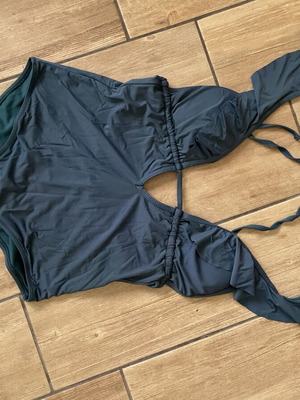 One-piece swimsuit used, white and green, sizes M and L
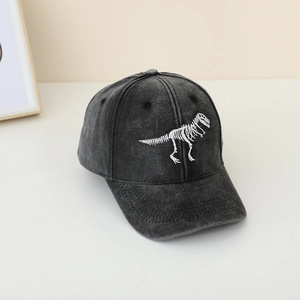 Dettaglio del ricamo di dinosauro bianco su cappellino vintage grigio per bambini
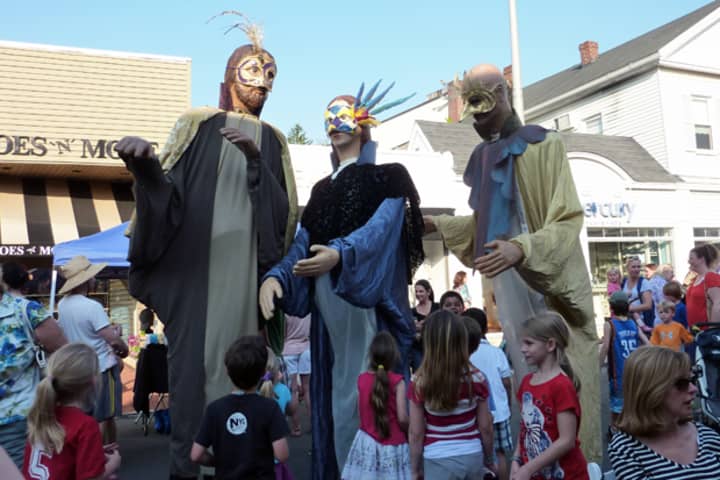 Large papier-mache figures entertain party-goers on Main Street in Westport Thursday night during the third annual Art About Town street party.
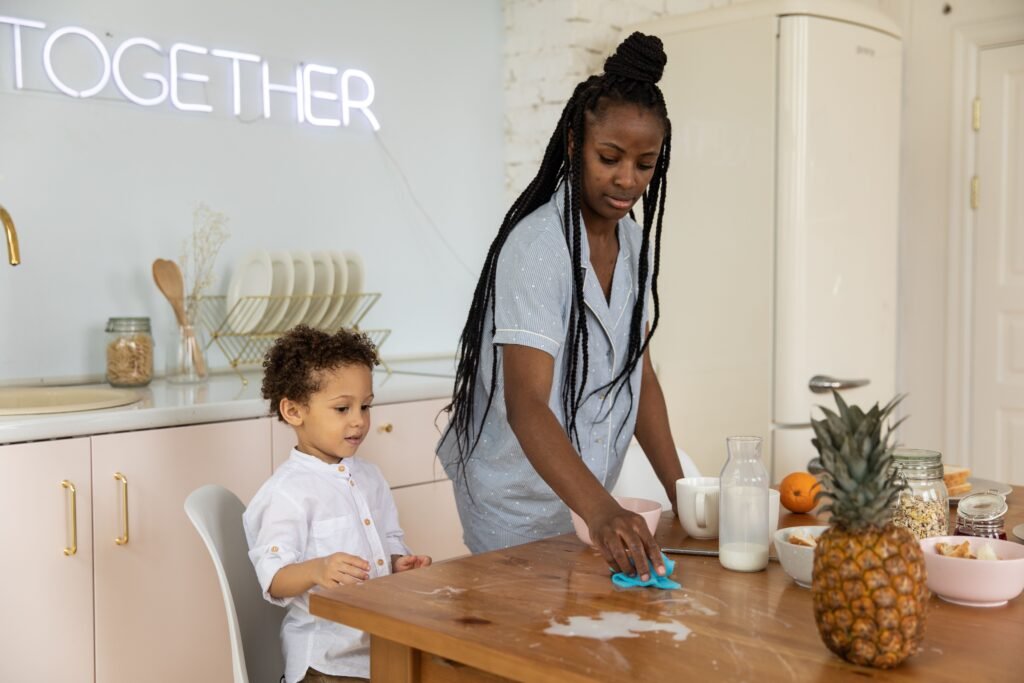 Woman wiping a kitchen table while a child stands beside her.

Required action
Leave the pictures out and output all of the data verbatim.

Exercise output
 One-piece swimsuit used, white and green, sizes M and L
 Dettaglio del ricamo di dinosauro bianco su cappellino vintage grigio per bambini
 Large papier-mache figures entertain party-goers on Main Street in Westport Thursday night during the third annual Art About Town street party.
 Woman wiping a kitchen table while a child stands beside her.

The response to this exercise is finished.